YOUR OBJECTIVE
Copy each entry precisely as written, and do not carry over the pictures.

Stored data
==*==
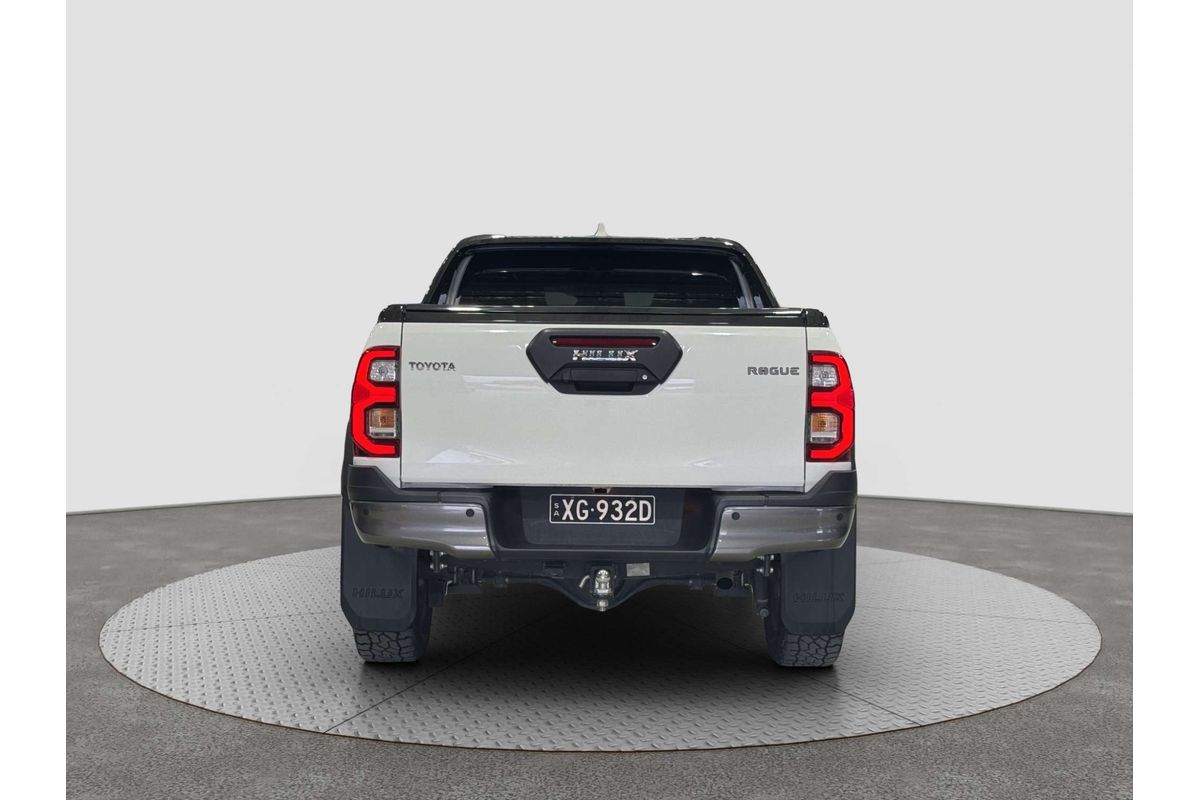 2023 Toyota Hilux Rogue GUN126R 4X4 image 4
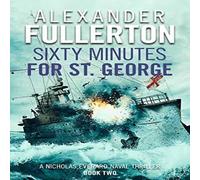 Alexander Fullerton Sixty Minutes for St. George Paperback Book Alexander Fullerton Multicolor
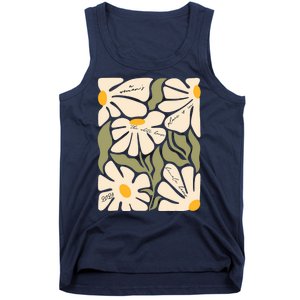 Subtle Flower Kamala Harris Floral Boho Aesthetic Quotes Tank Top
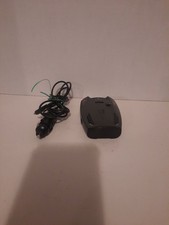 Cobra ESD-7000 6-Band Radar Laser Detector Tested Working w/ 12V Power Cord Only
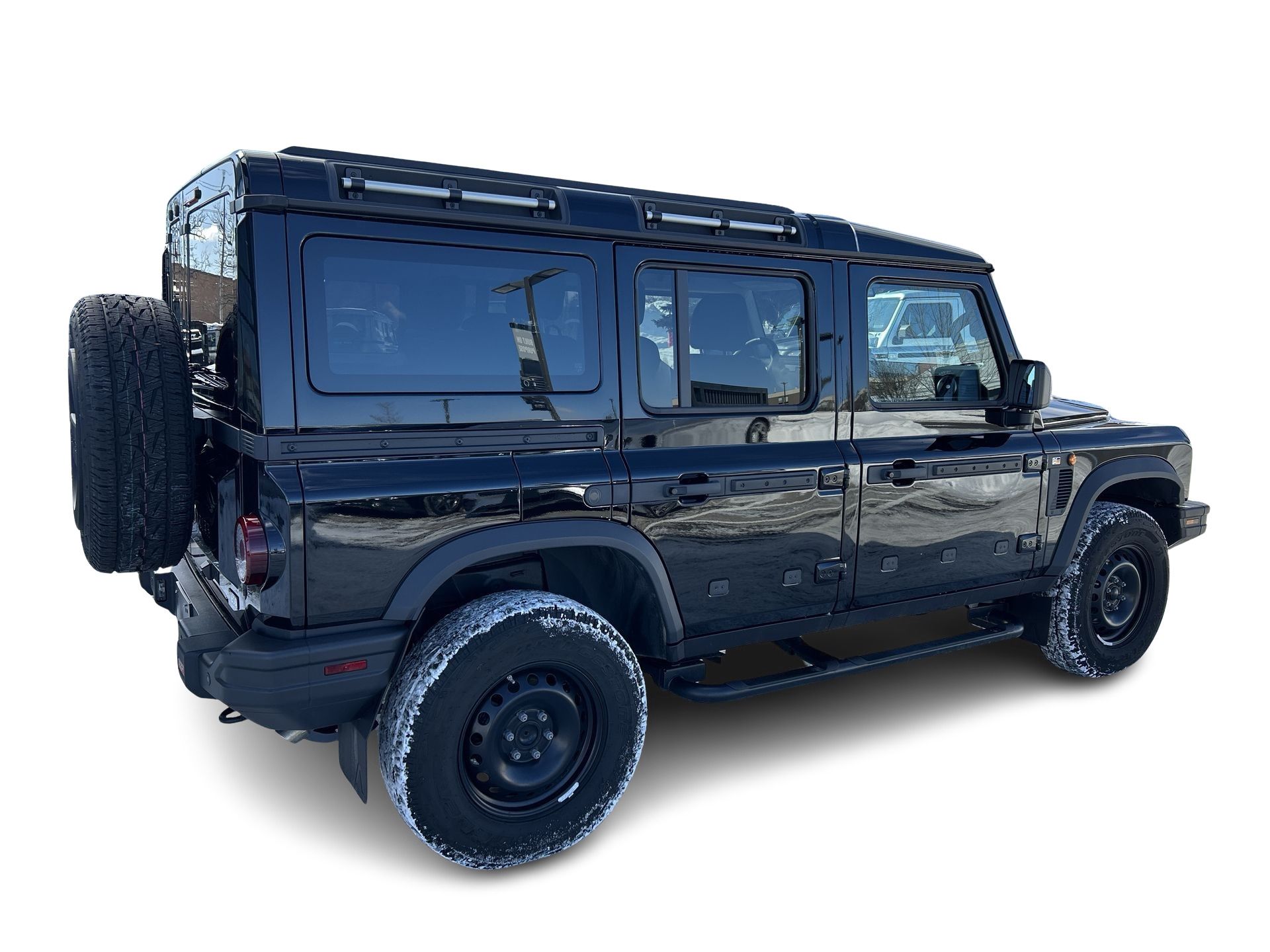 INEOS Grenadier  2024 à Mississauga, Ontario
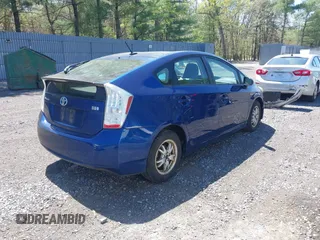 2010 Toyota Prius II with VIN JTDKN3DU2A0105245, listed as a IAAI auction lot 42141386 with 298,972 mi miles. Bid and sale history available at carsss.com. Image 4.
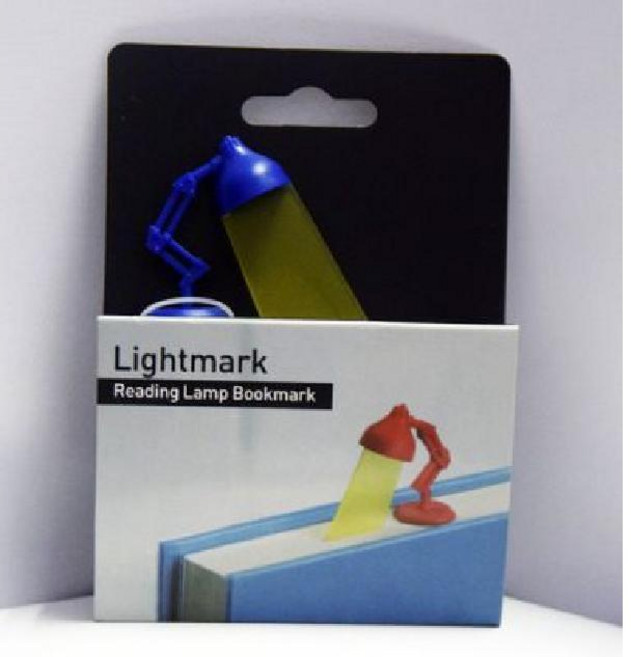 세비아숲 램프 북마크, 블루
==*==
ANSWER TO THE EXERCISE
 2023 Toyota Hilux Rogue GUN126R 4X4 image 4
 Alexander Fullerton Sixty Minutes for St. George Paperback Book Alexander Fullerton Multicolor
 Subtle Flower Kamala Harris Floral Boho Aesthetic Quotes Tank Top
 Cobra ESD-7000 6-Band Radar Laser Detector Tested Working w/ 12V Power Cord Only
 INEOS Grenadier  2024 à Mississauga, Ontario
 2010 Toyota Prius II with VIN JTDKN3DU2A0105245, listed as a IAAI auction lot 42141386 with 298,972 mi miles. Bid and sale history available at carsss.com. Image 4.
 세비아숲 램프 북마크, 블루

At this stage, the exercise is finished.